START DATA EXCERPTS

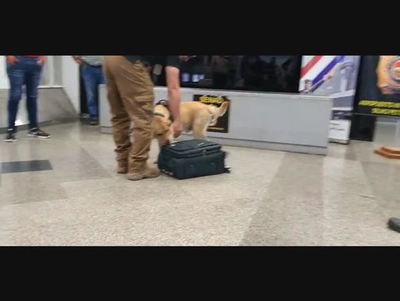 Can antidroga detecta cocaína en maletas en el Silvio Pettirossi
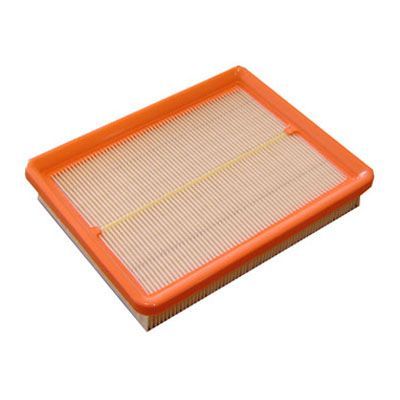 Air Filter (FA-389)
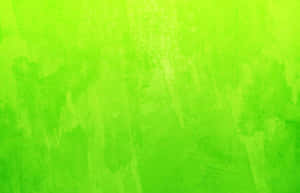 Vibrant Lime Green Splash Wallpaper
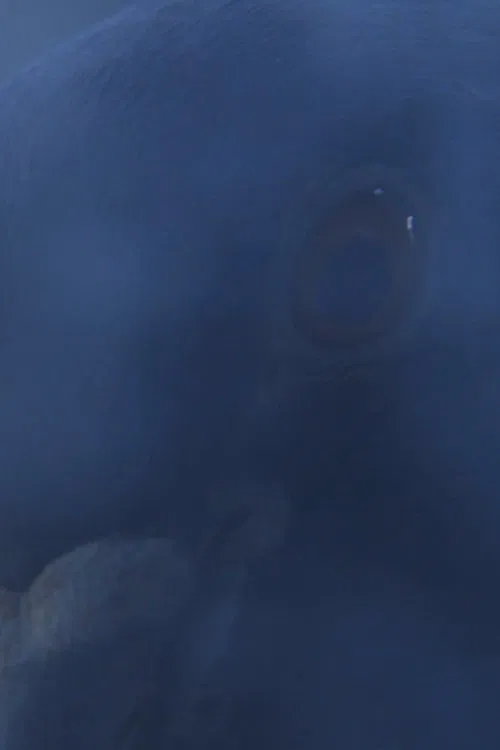 The Visitors movie poster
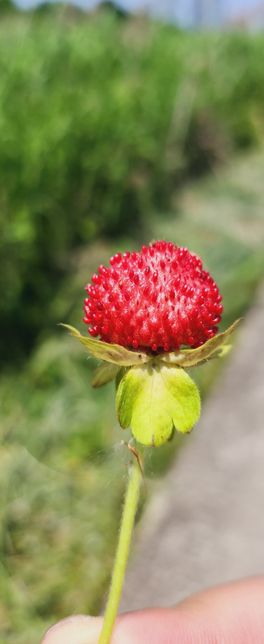 산책로 걷다가 보이는 이 열매 이름은 뭘까요?의 0번 째 이미지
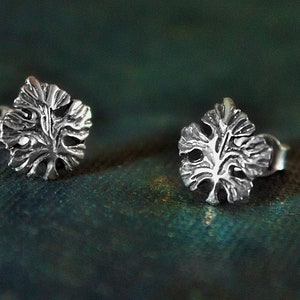 Puede incluir: Un par de pendientes de plata con un diseño de hoja de árbol. Los pendientes son pequeños y delicados, y serían un gran regalo para alguien que ama la naturaleza.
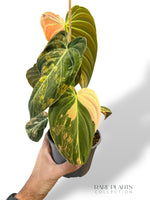 Variegated Melanochrysum Philodendron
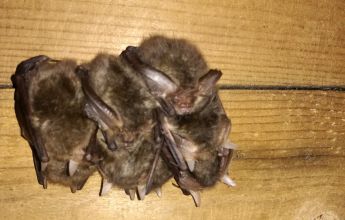 Hibernating bats, Hibernation Survey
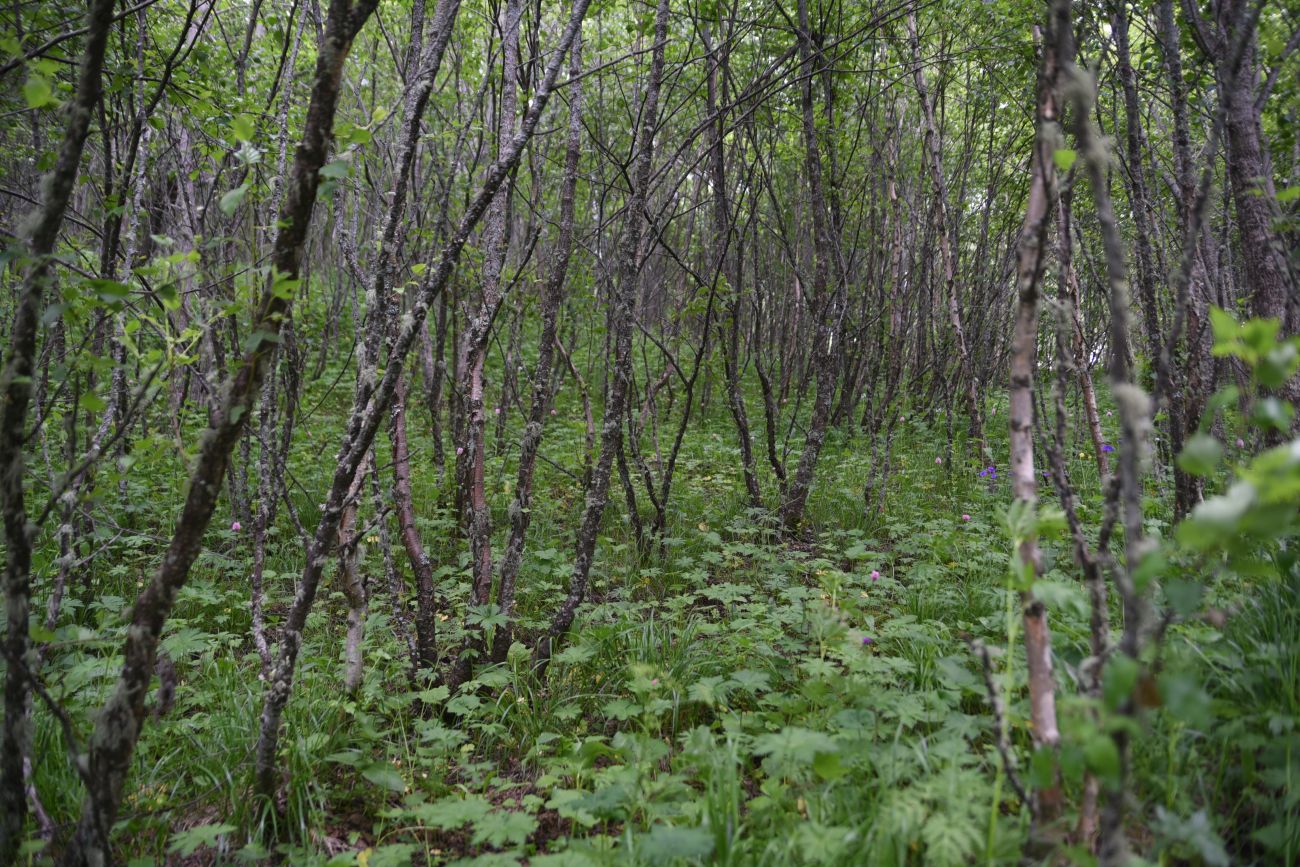 Сигнальная гора, image of landscape/habitat.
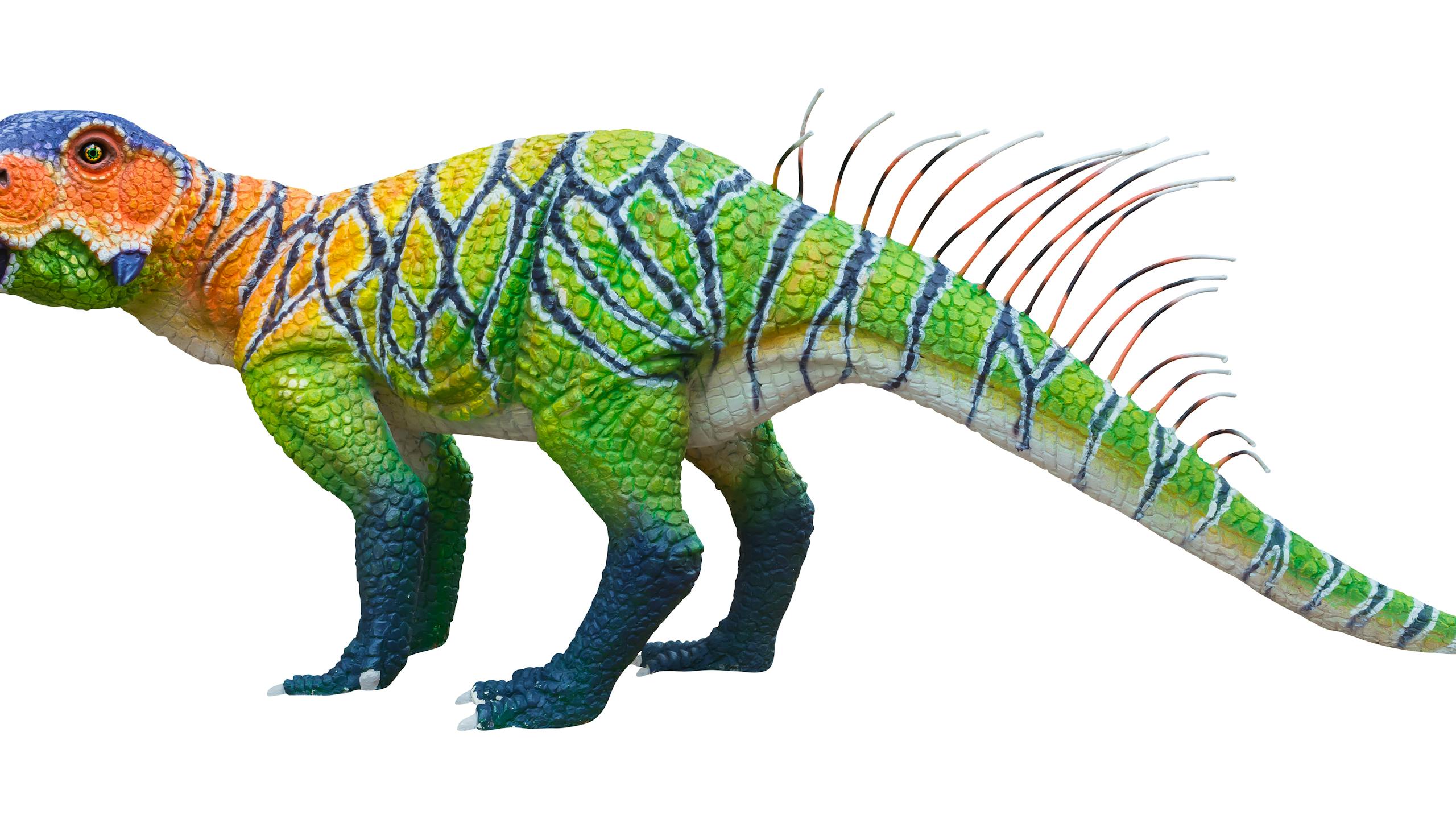 Dino achterwerk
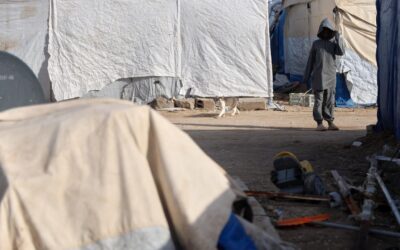 Push to punish those who help ‘IS brides’ dismissed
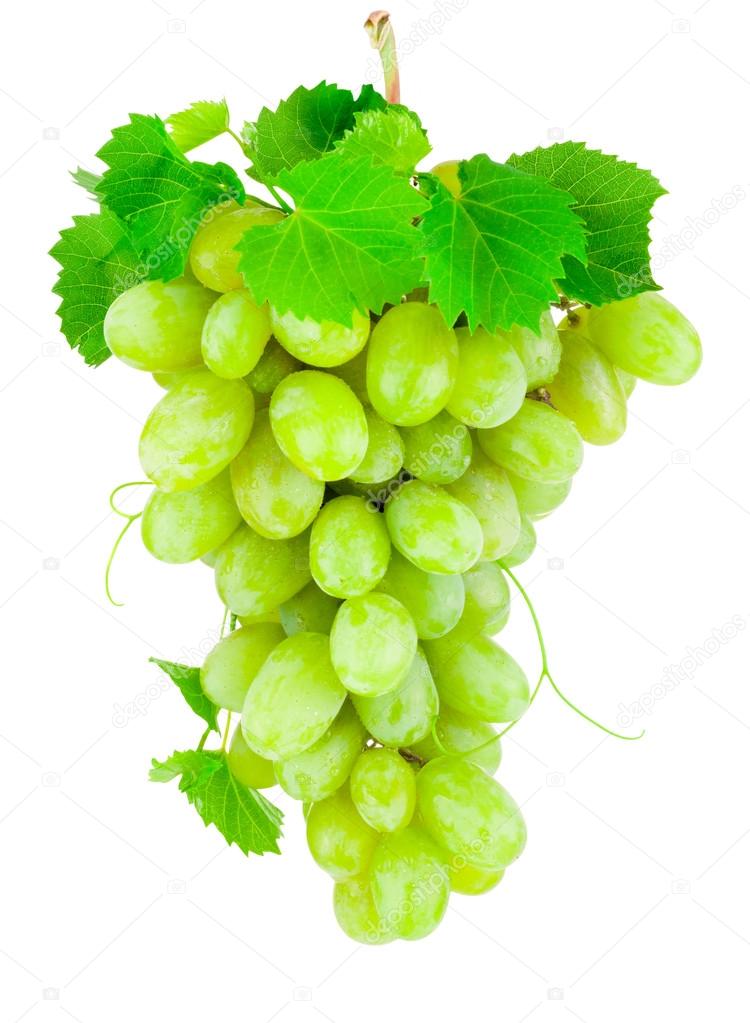 Fresh bunch of green grapes isolated on white background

END DATA EXCERPTS

WHAT IS EXPECTED
Please transcribe, with no additions, the lines starting at the one that contains "Push to punish" and running through the last line of the entries, inclusive. Leave the pictures out.

YOUR RESPONSE
 Push to punish those who help ‘IS brides’ dismissed
 Fresh bunch of green grapes isolated on white background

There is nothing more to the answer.